But similarities are are indeed striking, as my friend Stewart Crowter had pointed out to me last night.
They are both men working for a party that assured them a relative degree of safety and a limited amount of well being if they toe the line. They were both set on spying and changing history on behalf of a Big Brother and both of them rebelled against him.
Some people had questioned Snowden integrity by saying that the US Government is not a Big Brother but it is democratically elected and its motives for spying are, theoretically, virtuous ones, that is protecting the lives of its own citizens. This may be true but then where to set the bar dividing the licit from the illicit? Where can we be sure that a secret organisation spying on us will not start to have its own motives, its own will, its own agenda and a new concept of virtuosity?
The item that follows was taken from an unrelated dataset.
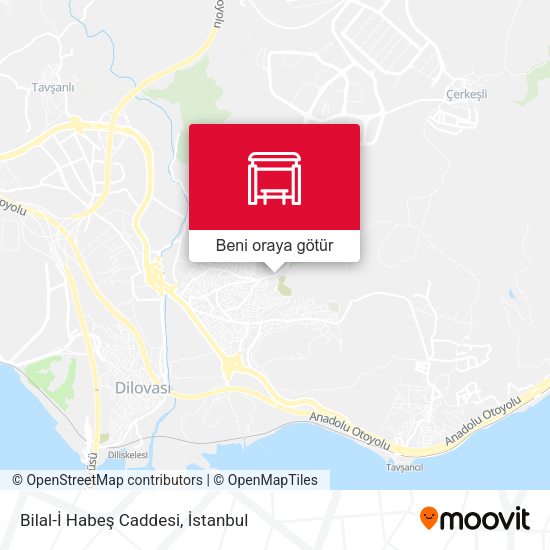 Bilal-İ Habeş Caddesi harita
This book is in print also under the title “1984” and is a novel written by George Orwell which was published in England in 1949.
This novel is set in Airstrip One (formerly known as Great Britain, a province of the superstate of Oceania) in a world perpetually at war. The protagonist of this novel is Winston Smith, a member of the outer party who is employed at Ministry of Truth. He is responsible for propaganda as well as for historical revisionism. His job duties consist of rewriting and editing old newspapers’ articles to demonstrate that the party in power had been right all the way into the past. Smith do his job with diligence but, seeing another and different truth, inevitably come to hate the party and its chief called Big Brother.
The inhabitants of Oceania cannot afford the luxury of privacy. They live in apartments equipped with two-way TV screens, they see and they can be seen. This is a scary similitude with modern computers connected with the Internet.